You are viewing a plain text version of this content. The canonical link for it is here.
Posted to common-user@hadoop.apache.org by Rakhi Khatwani <rk...@gmail.com> on 2010/01/29 14:04:36 UTC

Using custom Input Format

Hi,
        i have been trying to implement custom input and output formats. i
was successful enough in creating an custom output format. but whn i call a
mapreduce method which takes in a file, using custom input format, i get an
exception.
java.lang.NullPointerException
 at Beans.Content.write(Content.java:54)
 at
org.apache.hadoop.io.serializer.WritableSerialization$WritableSerializer.serialize(WritableSerialization.java:90)
 at
org.apache.hadoop.io.serializer.WritableSerialization$WritableSerializer.serialize(WritableSerialization.java:77)
 at
org.apache.hadoop.mapred.MapTask$MapOutputBuffer.collect(MapTask.java:613)
 at CustomInputFormat.SampleCustomInputMap.map(SampleCustomInputMap.java:32)
 at CustomInputFormat.SampleCustomInputMap.map(SampleCustomInputMap.java:1)
 at org.apache.hadoop.mapred.MapRunner.run(MapRunner.java:50)
 at org.apache.hadoop.mapred.MapTask.run(MapTask.java:342)
 at org.apache.hadoop.mapred.LocalJobRunner$Job.run(LocalJobRunner.java:138)
0 Hello World0 Hello World0 Hello World0

id:: null media:: null url:: null content::null

id:: null media:: null url:: null content::null
java.io.IOException: Job failed!
 at org.apache.hadoop.mapred.JobClient.runJob(JobClient.java:1232)
 at
CustomInputFormat.SampleCustomInputMapReduce.run(SampleCustomInputMapReduce.java:53)
 at org.apache.hadoop.util.ToolRunner.run(ToolRunner.java:65)
 at
CustomInputFormat.SampleCustomInputMapReduce.main(SampleCustomInputMapReduce.java:59)

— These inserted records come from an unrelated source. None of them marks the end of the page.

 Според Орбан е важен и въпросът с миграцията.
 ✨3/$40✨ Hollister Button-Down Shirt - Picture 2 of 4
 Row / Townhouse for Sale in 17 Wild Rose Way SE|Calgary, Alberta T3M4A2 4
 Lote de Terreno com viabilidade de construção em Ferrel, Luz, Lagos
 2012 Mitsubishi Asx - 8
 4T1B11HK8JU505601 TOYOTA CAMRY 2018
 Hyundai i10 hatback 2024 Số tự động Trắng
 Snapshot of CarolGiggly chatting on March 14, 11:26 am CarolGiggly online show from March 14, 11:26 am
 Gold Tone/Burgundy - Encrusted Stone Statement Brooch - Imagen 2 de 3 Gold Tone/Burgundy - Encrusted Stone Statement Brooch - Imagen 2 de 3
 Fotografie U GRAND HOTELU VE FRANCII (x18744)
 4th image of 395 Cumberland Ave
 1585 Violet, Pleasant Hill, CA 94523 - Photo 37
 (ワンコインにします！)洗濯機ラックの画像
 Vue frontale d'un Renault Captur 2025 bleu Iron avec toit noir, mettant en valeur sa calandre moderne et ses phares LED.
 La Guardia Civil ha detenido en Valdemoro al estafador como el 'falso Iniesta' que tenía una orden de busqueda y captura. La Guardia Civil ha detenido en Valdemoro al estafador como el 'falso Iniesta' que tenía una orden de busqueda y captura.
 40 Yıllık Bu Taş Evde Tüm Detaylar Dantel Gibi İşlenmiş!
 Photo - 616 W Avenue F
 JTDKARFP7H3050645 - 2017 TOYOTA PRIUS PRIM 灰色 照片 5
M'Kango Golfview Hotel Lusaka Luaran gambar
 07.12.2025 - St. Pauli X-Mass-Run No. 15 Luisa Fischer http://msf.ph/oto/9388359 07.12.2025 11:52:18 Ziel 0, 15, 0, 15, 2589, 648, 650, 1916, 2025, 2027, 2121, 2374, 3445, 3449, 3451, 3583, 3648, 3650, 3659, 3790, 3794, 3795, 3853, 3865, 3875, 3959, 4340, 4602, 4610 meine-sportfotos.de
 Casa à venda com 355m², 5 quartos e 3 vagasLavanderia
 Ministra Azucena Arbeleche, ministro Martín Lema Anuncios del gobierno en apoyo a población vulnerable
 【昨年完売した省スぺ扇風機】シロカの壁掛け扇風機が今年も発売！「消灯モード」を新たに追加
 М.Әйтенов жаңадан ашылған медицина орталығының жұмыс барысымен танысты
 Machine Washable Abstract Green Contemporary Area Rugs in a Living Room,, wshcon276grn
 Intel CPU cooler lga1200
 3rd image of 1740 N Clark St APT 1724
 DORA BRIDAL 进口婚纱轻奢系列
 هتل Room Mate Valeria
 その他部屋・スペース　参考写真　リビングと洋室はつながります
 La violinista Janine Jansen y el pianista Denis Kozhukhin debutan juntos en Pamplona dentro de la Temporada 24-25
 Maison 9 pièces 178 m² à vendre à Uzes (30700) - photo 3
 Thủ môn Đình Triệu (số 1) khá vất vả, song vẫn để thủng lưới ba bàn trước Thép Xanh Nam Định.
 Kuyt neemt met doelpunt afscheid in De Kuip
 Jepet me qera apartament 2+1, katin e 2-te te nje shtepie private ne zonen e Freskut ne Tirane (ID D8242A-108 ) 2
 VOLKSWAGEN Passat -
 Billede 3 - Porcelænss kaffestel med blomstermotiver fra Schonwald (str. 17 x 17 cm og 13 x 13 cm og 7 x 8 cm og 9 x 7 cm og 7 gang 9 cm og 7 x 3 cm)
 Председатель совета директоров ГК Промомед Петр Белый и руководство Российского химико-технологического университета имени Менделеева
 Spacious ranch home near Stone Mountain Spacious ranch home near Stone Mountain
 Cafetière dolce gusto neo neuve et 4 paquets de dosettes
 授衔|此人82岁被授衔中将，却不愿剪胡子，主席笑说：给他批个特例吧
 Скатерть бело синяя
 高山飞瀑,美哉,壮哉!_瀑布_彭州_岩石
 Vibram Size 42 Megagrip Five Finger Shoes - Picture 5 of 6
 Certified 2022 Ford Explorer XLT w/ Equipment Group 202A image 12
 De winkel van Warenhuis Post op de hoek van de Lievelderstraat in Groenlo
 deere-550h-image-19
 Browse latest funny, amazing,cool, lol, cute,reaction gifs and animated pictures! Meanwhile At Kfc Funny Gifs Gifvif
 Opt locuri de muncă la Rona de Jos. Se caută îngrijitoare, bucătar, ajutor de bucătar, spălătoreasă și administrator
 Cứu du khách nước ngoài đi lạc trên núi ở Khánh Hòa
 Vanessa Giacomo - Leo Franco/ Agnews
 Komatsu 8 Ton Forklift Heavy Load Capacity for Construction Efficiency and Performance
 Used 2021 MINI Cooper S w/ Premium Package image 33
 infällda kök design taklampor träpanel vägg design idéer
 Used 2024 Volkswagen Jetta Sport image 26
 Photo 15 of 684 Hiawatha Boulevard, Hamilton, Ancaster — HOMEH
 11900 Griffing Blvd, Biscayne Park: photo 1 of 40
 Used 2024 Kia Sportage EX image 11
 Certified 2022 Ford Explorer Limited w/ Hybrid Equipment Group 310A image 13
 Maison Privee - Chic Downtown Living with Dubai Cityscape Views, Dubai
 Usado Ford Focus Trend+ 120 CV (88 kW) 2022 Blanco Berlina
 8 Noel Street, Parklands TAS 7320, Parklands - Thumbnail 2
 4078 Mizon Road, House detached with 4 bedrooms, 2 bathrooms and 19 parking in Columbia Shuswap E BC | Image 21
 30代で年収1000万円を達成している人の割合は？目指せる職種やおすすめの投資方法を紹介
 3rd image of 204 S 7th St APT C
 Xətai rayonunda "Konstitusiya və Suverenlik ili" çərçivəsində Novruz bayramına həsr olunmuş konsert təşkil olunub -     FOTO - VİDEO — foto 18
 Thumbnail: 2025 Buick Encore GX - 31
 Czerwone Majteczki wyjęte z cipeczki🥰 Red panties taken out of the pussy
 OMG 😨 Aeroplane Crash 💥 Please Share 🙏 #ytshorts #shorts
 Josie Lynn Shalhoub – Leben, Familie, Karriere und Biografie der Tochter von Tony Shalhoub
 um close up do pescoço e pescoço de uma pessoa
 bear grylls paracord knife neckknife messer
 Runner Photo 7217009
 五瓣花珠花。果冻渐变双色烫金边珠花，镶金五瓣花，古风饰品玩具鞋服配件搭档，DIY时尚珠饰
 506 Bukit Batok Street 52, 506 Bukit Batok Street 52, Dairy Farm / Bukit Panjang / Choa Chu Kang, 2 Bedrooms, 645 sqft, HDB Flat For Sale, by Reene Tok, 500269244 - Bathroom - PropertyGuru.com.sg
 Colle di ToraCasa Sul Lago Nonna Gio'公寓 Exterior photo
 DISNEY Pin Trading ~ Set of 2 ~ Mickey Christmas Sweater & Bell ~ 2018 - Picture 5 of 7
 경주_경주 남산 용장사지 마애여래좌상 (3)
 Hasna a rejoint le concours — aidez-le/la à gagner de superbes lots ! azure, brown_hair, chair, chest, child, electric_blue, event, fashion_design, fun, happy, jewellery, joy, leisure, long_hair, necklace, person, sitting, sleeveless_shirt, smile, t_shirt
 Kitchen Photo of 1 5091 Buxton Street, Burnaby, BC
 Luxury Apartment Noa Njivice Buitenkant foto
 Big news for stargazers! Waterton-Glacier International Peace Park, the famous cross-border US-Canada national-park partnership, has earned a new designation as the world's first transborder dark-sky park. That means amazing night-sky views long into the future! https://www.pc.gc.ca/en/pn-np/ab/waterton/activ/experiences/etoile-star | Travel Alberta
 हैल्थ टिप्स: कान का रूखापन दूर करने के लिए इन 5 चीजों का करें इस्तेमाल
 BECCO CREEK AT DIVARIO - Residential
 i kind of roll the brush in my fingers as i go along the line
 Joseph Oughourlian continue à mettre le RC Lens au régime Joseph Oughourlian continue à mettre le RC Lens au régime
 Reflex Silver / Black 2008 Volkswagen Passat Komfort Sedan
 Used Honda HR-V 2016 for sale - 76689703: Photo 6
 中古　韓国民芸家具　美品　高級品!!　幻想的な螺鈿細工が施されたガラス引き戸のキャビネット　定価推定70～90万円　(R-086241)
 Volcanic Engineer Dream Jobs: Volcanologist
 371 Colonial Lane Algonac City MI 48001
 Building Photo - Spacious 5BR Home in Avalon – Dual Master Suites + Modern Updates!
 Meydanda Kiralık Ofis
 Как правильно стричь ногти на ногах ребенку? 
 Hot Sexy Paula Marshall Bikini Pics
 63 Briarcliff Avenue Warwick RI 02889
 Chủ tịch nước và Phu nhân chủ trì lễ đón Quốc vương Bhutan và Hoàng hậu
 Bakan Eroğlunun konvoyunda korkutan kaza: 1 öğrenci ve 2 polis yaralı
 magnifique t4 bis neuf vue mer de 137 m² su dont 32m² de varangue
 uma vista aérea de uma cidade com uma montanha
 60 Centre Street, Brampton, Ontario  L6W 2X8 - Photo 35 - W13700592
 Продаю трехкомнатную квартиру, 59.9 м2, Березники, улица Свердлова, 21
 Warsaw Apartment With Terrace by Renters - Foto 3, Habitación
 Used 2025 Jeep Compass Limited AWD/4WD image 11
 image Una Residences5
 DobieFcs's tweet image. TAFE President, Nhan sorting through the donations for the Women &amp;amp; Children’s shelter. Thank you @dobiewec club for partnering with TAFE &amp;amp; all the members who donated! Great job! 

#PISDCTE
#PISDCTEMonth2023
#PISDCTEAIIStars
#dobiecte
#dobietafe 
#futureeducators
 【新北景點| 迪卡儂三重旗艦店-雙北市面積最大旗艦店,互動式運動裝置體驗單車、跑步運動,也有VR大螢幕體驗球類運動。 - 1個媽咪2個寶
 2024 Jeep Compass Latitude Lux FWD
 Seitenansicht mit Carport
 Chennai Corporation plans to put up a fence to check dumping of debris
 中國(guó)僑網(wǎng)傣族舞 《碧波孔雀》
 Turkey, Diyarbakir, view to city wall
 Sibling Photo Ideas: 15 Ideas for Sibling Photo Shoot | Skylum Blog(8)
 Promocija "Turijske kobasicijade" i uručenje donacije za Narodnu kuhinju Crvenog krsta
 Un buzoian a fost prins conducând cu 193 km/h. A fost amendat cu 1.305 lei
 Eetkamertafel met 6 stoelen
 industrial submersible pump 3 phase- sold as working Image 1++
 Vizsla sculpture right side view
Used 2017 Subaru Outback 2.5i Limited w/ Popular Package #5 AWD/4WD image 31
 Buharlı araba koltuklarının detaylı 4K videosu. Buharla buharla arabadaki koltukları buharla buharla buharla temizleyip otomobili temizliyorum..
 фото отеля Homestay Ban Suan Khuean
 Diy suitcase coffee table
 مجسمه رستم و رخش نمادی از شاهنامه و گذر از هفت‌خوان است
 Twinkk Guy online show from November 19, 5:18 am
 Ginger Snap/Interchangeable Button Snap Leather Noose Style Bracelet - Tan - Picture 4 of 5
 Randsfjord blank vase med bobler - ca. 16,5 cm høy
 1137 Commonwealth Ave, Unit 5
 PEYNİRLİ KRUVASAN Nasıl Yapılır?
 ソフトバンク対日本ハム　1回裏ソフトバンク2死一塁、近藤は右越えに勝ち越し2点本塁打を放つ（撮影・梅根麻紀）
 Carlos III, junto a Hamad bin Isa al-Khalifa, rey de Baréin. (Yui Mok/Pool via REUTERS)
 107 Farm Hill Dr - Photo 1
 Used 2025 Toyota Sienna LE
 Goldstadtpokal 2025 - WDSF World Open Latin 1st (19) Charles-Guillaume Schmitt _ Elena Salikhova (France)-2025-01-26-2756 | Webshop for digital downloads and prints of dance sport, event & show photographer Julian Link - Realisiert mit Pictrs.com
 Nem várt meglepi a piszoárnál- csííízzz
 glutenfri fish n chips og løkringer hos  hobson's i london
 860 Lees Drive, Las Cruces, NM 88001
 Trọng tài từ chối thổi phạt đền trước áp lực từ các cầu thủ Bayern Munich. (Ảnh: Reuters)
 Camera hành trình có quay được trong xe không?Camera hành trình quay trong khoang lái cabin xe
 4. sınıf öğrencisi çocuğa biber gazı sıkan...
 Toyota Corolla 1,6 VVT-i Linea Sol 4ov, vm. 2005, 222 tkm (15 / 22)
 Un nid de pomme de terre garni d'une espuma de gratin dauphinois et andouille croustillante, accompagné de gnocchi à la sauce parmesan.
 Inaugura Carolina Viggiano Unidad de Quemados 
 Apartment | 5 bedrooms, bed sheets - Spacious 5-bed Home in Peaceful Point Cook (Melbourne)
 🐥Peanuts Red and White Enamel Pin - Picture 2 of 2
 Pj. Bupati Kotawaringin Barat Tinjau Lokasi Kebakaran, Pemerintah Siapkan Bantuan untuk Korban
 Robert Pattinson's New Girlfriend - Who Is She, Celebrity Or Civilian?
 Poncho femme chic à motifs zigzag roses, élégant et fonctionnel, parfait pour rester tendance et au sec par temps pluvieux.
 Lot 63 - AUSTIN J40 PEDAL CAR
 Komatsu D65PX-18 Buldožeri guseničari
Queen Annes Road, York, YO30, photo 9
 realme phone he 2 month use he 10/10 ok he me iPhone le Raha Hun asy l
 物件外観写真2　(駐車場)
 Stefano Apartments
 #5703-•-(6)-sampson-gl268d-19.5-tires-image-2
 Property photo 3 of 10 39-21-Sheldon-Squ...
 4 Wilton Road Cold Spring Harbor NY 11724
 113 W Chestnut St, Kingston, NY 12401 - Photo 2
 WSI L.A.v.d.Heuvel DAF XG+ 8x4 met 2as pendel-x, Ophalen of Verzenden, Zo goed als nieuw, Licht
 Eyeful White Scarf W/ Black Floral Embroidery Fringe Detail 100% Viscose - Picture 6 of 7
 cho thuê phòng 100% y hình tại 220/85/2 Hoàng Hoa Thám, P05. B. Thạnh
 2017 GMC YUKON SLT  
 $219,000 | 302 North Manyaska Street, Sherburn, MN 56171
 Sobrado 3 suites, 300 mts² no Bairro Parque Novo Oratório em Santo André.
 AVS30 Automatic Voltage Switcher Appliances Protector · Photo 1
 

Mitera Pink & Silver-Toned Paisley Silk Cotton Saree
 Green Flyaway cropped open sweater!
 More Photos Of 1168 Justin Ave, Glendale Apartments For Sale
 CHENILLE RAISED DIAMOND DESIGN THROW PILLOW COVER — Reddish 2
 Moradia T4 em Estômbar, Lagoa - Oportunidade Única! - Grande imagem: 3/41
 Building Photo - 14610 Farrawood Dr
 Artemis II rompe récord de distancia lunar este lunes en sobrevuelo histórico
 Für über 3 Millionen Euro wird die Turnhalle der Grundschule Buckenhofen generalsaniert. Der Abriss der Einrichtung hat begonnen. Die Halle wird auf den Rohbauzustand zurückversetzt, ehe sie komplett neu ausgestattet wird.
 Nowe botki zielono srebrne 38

I have attached the following files
Content => Custom object that implements writercomparible
ContentInputFormatV2 => inputformat which implements SequenceFileInputFormat
ContentRecordReader => implementation of RecordReader (Not required though,
it should work w/o it i assume).
SampleCustomInputMap => mapper class
SampleCustomInputReduce => reducer class
SampleCustomInputMapReduce => class which contains the main method and the
job configurations.
data and index => my inputfiles for the main function
For the 1st record it works fine, but for next record and records after
that, i get null. where could i go wrong??
Regards,
Raakhi

Re: Using custom Input Format

Posted by Antonio D'Ettole <co...@gmail.com>.
Rakhi,
I've recently had to implement a custom InputFormat that's pretty basic
(every split is a list of integers basically).
You can check it out here http://github.com/codazzo/MultiRow
One guy also implemented a custom InputFormat and wrote about it on his
blog http://codedemigod.com/blog/?p=120
Hope that helps.
Antonio

On Fri, Jan 29, 2010 at 2:04 PM, Rakhi Khatwani <rk...@gmail.com> wrote:

> Hi,
>         i have been trying to implement custom input and output formats. i
> was successful enough in creating an custom output format. but whn i call a
> mapreduce method which takes in a file, using custom input format, i get an
> exception.
> java.lang.NullPointerException
>  at Beans.Content.write(Content.java:54)
>  at
> org.apache.hadoop.io.serializer.WritableSerialization$WritableSerializer.serialize(WritableSerialization.java:90)
>  at
> org.apache.hadoop.io.serializer.WritableSerialization$WritableSerializer.serialize(WritableSerialization.java:77)
>  at
> org.apache.hadoop.mapred.MapTask$MapOutputBuffer.collect(MapTask.java:613)
>  at
> CustomInputFormat.SampleCustomInputMap.map(SampleCustomInputMap.java:32)
>  at CustomInputFormat.SampleCustomInputMap.map(SampleCustomInputMap.java:1)
>  at org.apache.hadoop.mapred.MapRunner.run(MapRunner.java:50)
>  at org.apache.hadoop.mapred.MapTask.run(MapTask.java:342)
>  at
> org.apache.hadoop.mapred.LocalJobRunner$Job.run(LocalJobRunner.java:138)
> 0 Hello World0 Hello World0 Hello World0
>
> id:: null media:: null url:: null content::null
>
> id:: null media:: null url:: null content::null
> java.io.IOException: Job failed!
>  at org.apache.hadoop.mapred.JobClient.runJob(JobClient.java:1232)
>  at
> CustomInputFormat.SampleCustomInputMapReduce.run(SampleCustomInputMapReduce.java:53)
>  at org.apache.hadoop.util.ToolRunner.run(ToolRunner.java:65)
>  at
> CustomInputFormat.SampleCustomInputMapReduce.main(SampleCustomInputMapReduce.java:59)
>
>
> I have attached the following files
> Content => Custom object that implements writercomparible
> ContentInputFormatV2 => inputformat which implements
> SequenceFileInputFormat
> ContentRecordReader => implementation of RecordReader (Not required though,
> it should work w/o it i assume).
> SampleCustomInputMap => mapper class
> SampleCustomInputReduce => reducer class
> SampleCustomInputMapReduce => class which contains the main method and the
> job configurations.
> data and index => my inputfiles for the main function
> For the 1st record it works fine, but for next record and records after
> that, i get null. where could i go wrong??
> Regards,
> Raakhi
>